MATERIAL TO PROCESS START

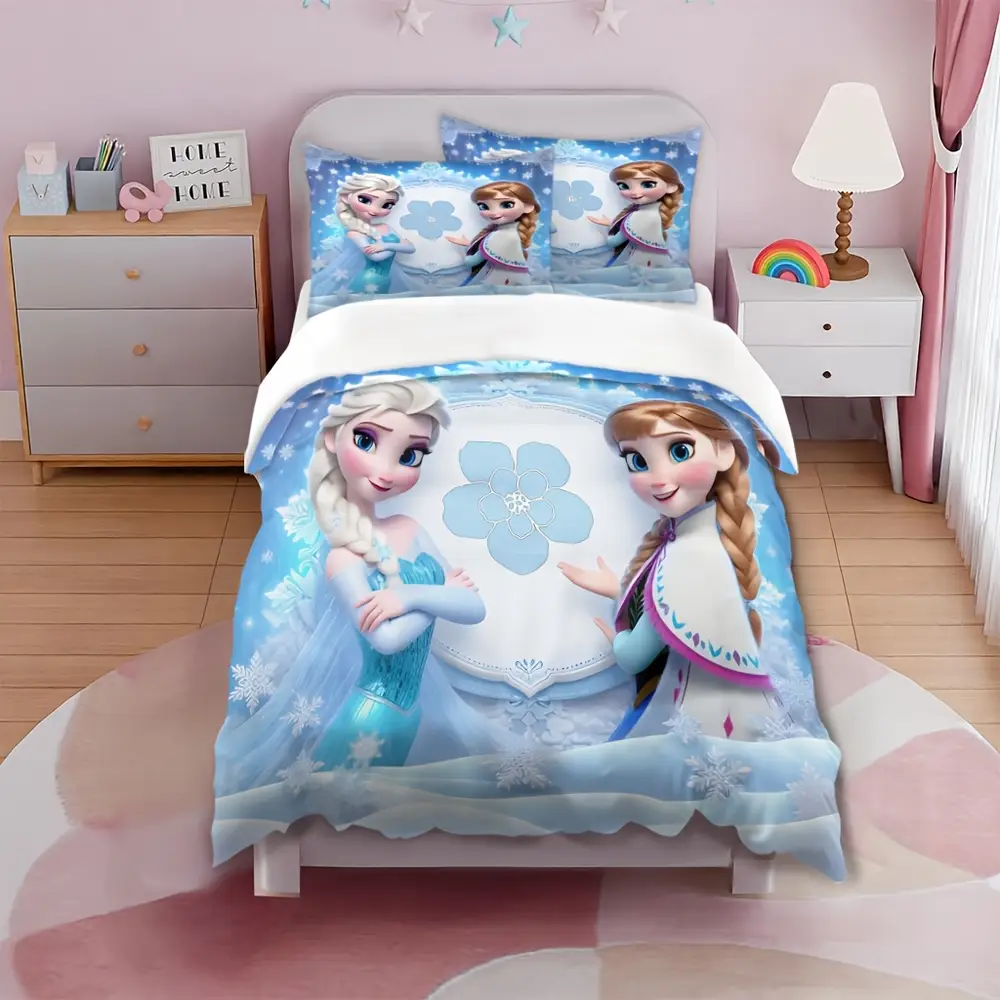 Parure de lit 3 pièces motif Reine des Neiges – housse douce + 2 taies - Éclairage de qualité avec frais de port offerts Parure De Lit Bébé Reine Des Neiges – 100% Coton – Housse 100x135 Cm + Taie  40x60 Cm – Zip – Elsa & Anna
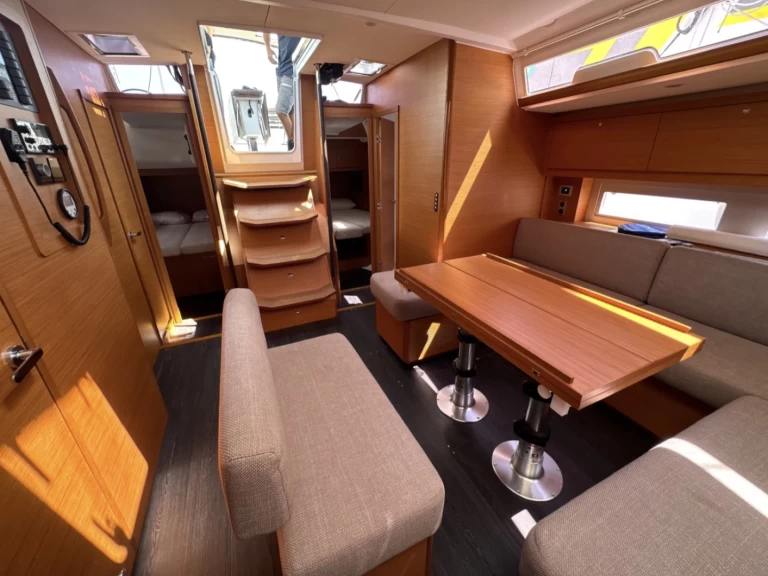 Uthyrning Palermo - Dufour Dufour 530 av Samboat 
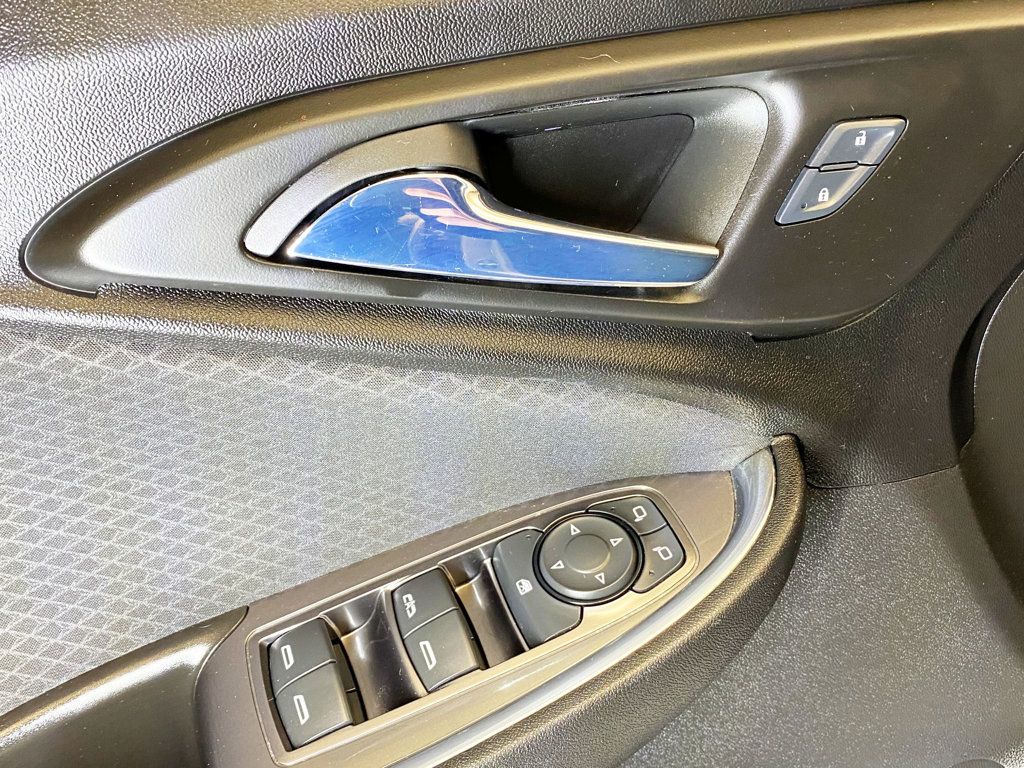 2016 Chevrolet Malibu 4dr Sedan LT w/1LT - 22966826 - 17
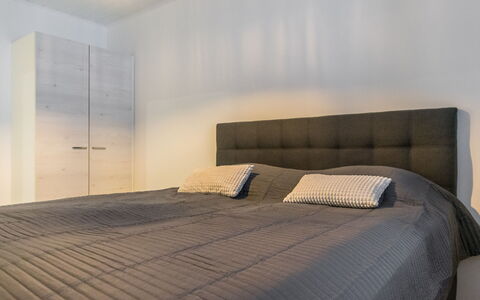 Villa Minnesota: Mueble, Diseño De Interiores, Piso, Suelo, Mesa, Techo, Cocina Y Comedor Mesa, Encendiendo, Silla, Casa
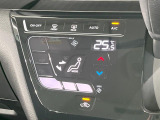 【オートエアコン】一度お好みの温度に設定すれば、車内の温度を検知し風量や温度を自動で調整。暑い…寒い…と何度もスイッチ操作をする必要はありません。快適な車内空間には必須の機能ですね♪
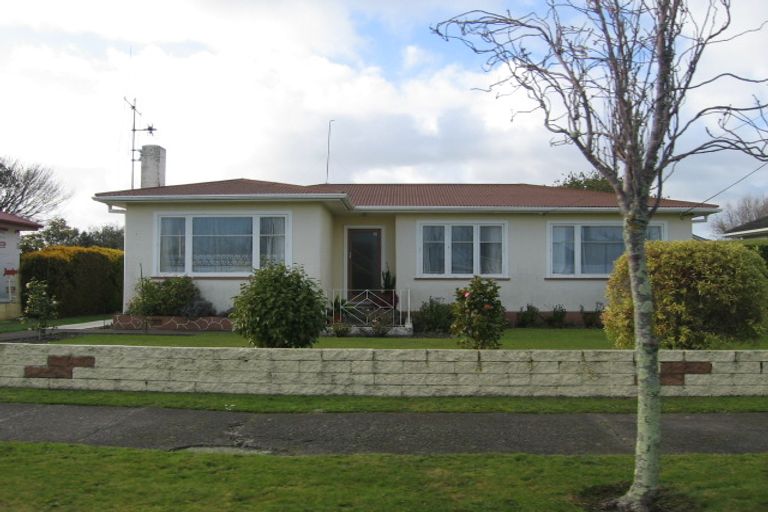 Photo of property in 27 Churchill Avenue, Feilding, 4702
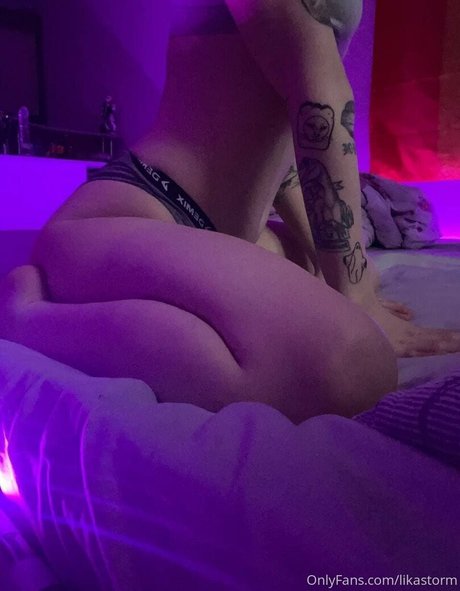 likastorm 素敵なポルノスター 写真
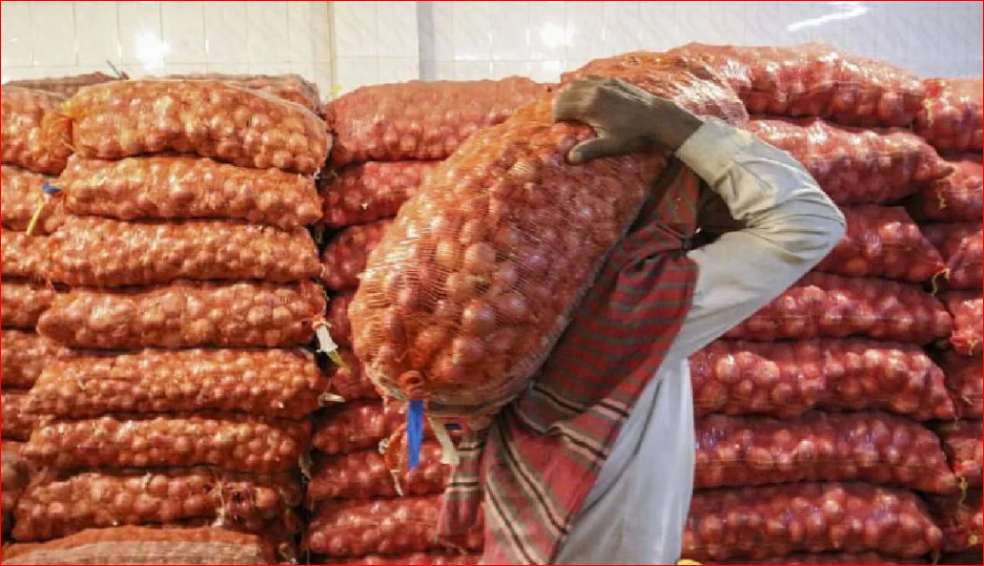 Onion import resumes through Benapole port after three months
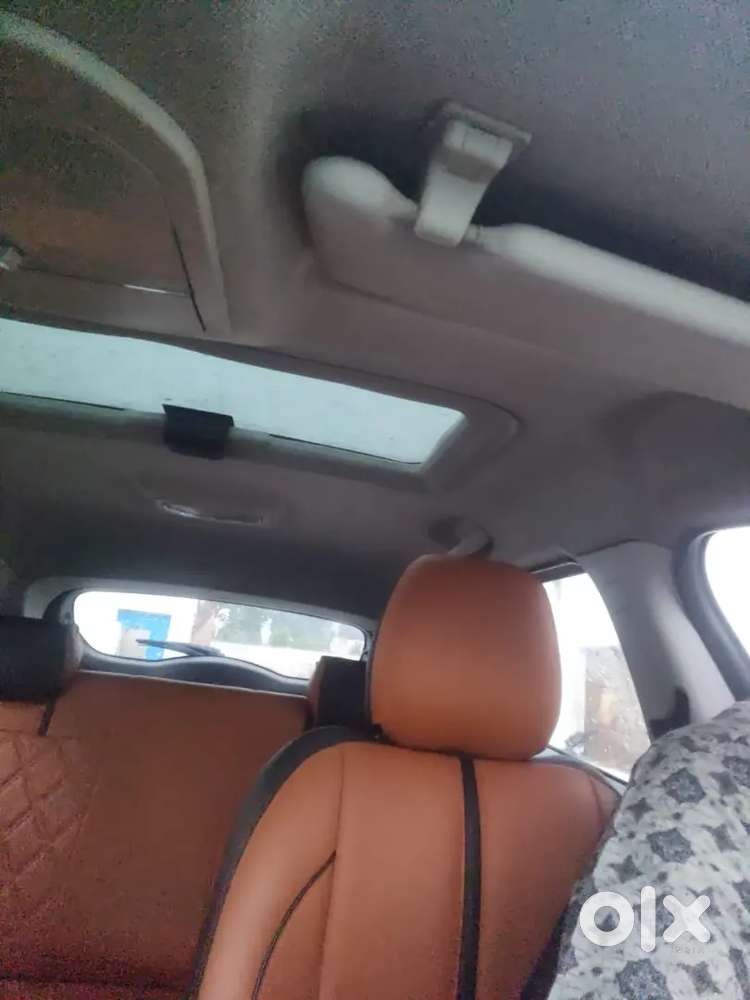 India First Harrier With Manual Sunroof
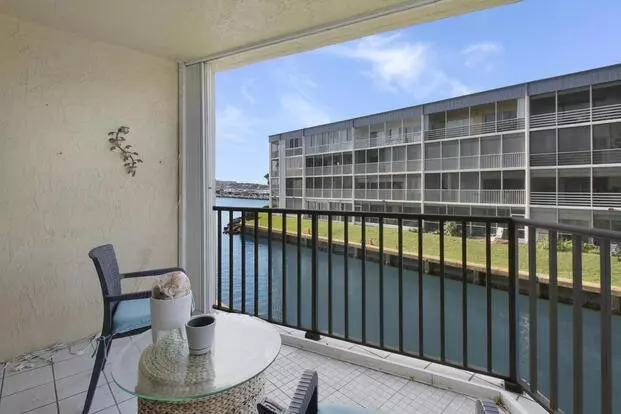 896 N Federal Hwy Apartment for rent in Lantana, FL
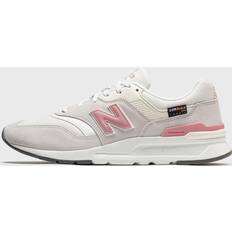 New Balance 574 - Vita Skor New Balance Sneakers CW997HSA Grå 0196432953561 1282.00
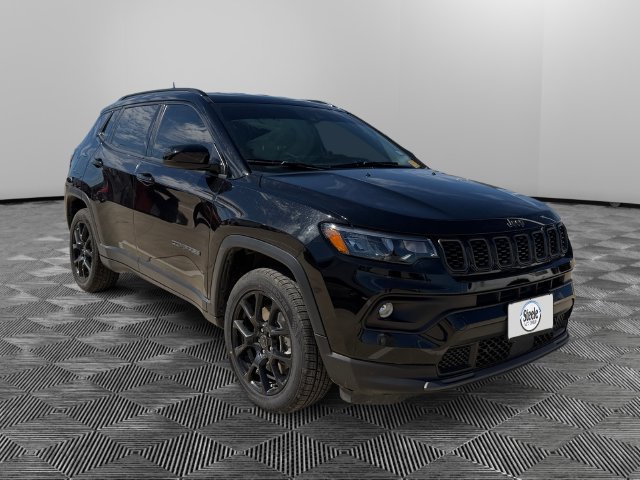 Used 2025 Jeep Compass Latitude w/ Altitude Special Edition AWD/4WD image 7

MATERIAL TO PROCESS END

In the answer, repeat exactly the lines from the top of the entries above through the line with "likastorm 素敵なポルノスター 写真", and leave pictures out of it.

• [TASK ANSWER]:
 Parure de lit 3 pièces motif Reine des Neiges – housse douce + 2 taies - Éclairage de qualité avec frais de port offerts Parure De Lit Bébé Reine Des Neiges – 100% Coton – Housse 100x135 Cm + Taie  40x60 Cm – Zip – Elsa & Anna
 Uthyrning Palermo - Dufour Dufour 530 av Samboat 
 2016 Chevrolet Malibu 4dr Sedan LT w/1LT - 22966826 - 17
 Villa Minnesota: Mueble, Diseño De Interiores, Piso, Suelo, Mesa, Techo, Cocina Y Comedor Mesa, Encendiendo, Silla, Casa
 【オートエアコン】一度お好みの温度に設定すれば、車内の温度を検知し風量や温度を自動で調整。暑い…寒い…と何度もスイッチ操作をする必要はありません。快適な車内空間には必須の機能ですね♪
 Photo of property in 27 Churchill Avenue, Feilding, 4702
 likastorm 素敵なポルノスター 写真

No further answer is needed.